There’s a reason to believe that he’s a much better defender than his statistics suggest. There’s no denying that he’s been very bad overall in his minor league career at third base. It’s impossible to try and suggest a guy with an .893 fielding percentage has been good in the field. But things flipped over night in the middle of 2022. As I wrote at RedsMinorLeagues.com earlier this winter, on June 17th Encarnacion-Strand made an error that dropped his fielding percentage to .827 on the season at third base. Over the next three days he didn’t play in the field. From June 21st through the end of the season he posted a .976 fielding percentage at third base over his remaining 35 games he played at the position.
That kind of improvement that’s unseen could mean a few things. First is that it likely improves the overall value projection because the systems in place probably didn’t break down his game-by-game fielding stats to see that there was a massive improvement at the midseason point that makes it far more likely he could remain at third base. But secondly, with those improvements – assuming they continue moving forward – means that it’s likely he arrives in the big leagues sooner because there’s not a glaring weakness in his game that must be improved upon before he can be placed into a big league lineup. That could get a true power bat into the lineup more frequently, and in Great American Ball Park…. well, sometimes that can make things far more interesting.
At the end of the day, what these projections tell us is that the Cincinnati Reds are going to be bad. That doesn’t surprise anyone.
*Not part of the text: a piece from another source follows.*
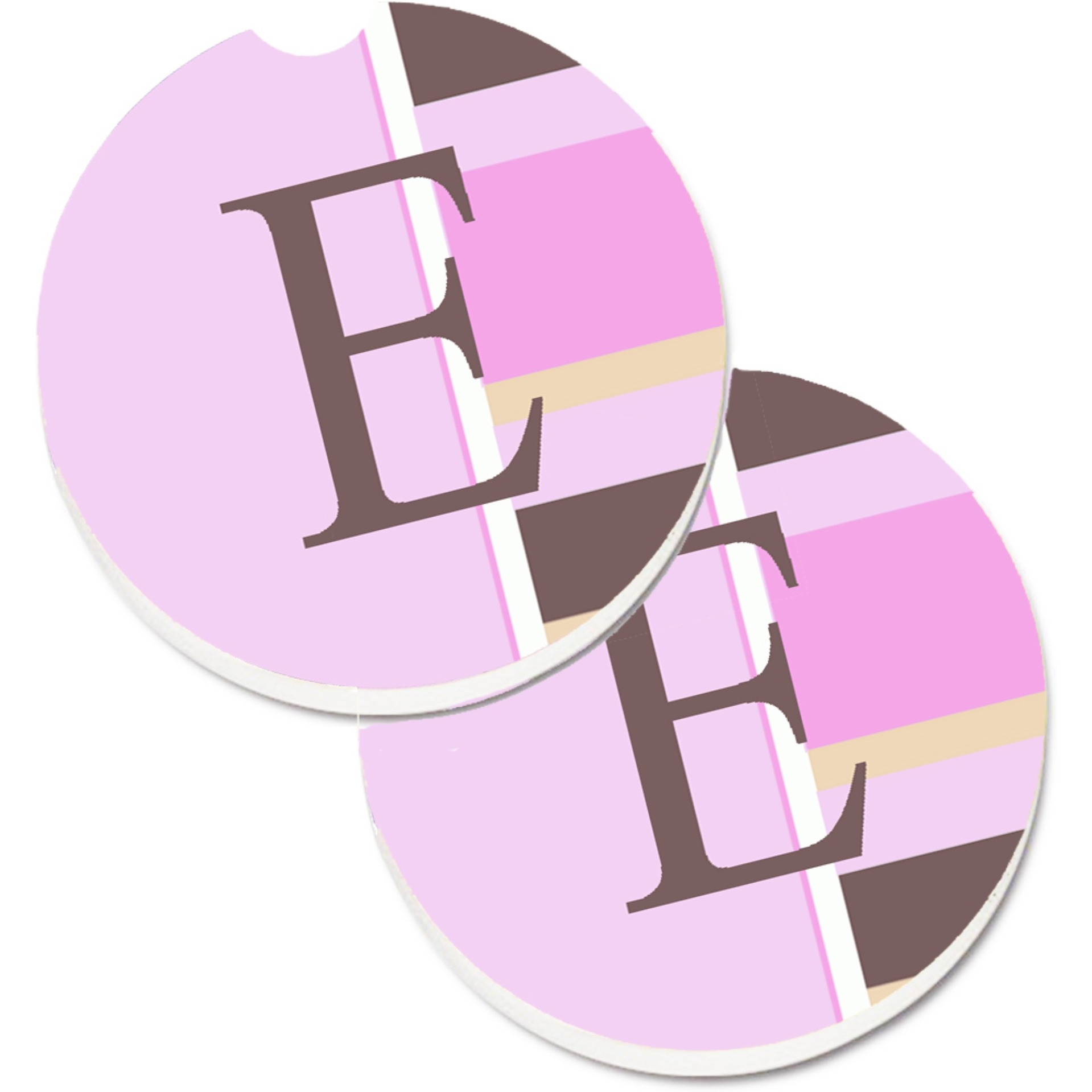 &quotCaroline's Treasures Letter E Initial Monogram - Pink Stripes Set of 2 Cup Holder Car Coasters CJ1005-ECARC, 2.56, Multicolor"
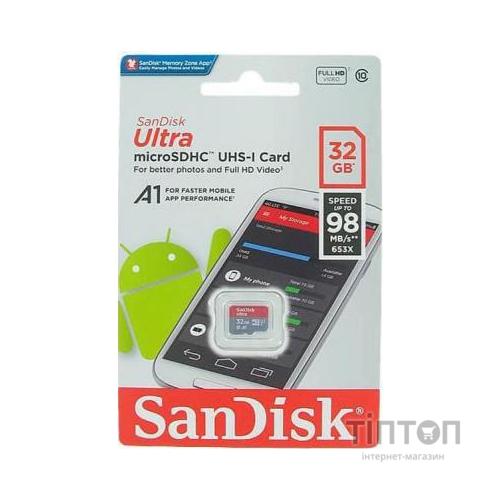 Карта пам'яті SanDisk 32GB microSDHC class 10 UHS-I U1 A1 (SDSQUAR-032G-GN6MN)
The team was very bad in 2022, traded away most of their quality big league talent at the trade deadline, and replaced it with…. Wil Myers and hope.
With sports gambling legal in the state of Ohio in 2023, if a sports book puts the over/under on wins for Cincinnati at 60, I’ll sprint to place a bet on the over. It’s certainly not impossible to squint and see that the team does finish the season with 60 wins, but it also doesn’t feel likely. That’s not to say that they’ll win 78 games, either. Injuries always come into play, and while there does seem to be enough depth in the minors on the positional side that they could not only weather some injuries but even see some improvements in the second half if and when some of the top guys arrive, the pitching depth in the minor leagues may not be there. Health on the mound could be a big factor – as it always is, but even more so when your depth is mostly guys who are AAAA types rather than prospects with upside who need to take a step forward in some particular area.
That’s not to say the cupboard is bare in the upper levels, but it does appear to be limited in scale as of right now. Four of the Reds top 25 prospects are pitchers who should start in AA or AAA in 2023, but none of them are coming off of a particularly strong season. Three of them showed real control issues with high walk rates, and the other one had an ERA of 4.75 in 91.0 innings in AA last season. Each of them has enough going for them that you can see a big league future, but all must take at least one step forward (and in one case, a huge step forward) if they’re going to pitch in the big leagues with success in 2023.
Still, keeping guys like Nick Lodolo and Hunter Greene healthy – both of whom project very well according to the Steamer Projections (both are above 3.0 WAR) – could be the difference between watching a team with a solid pitching staff and one that is painful.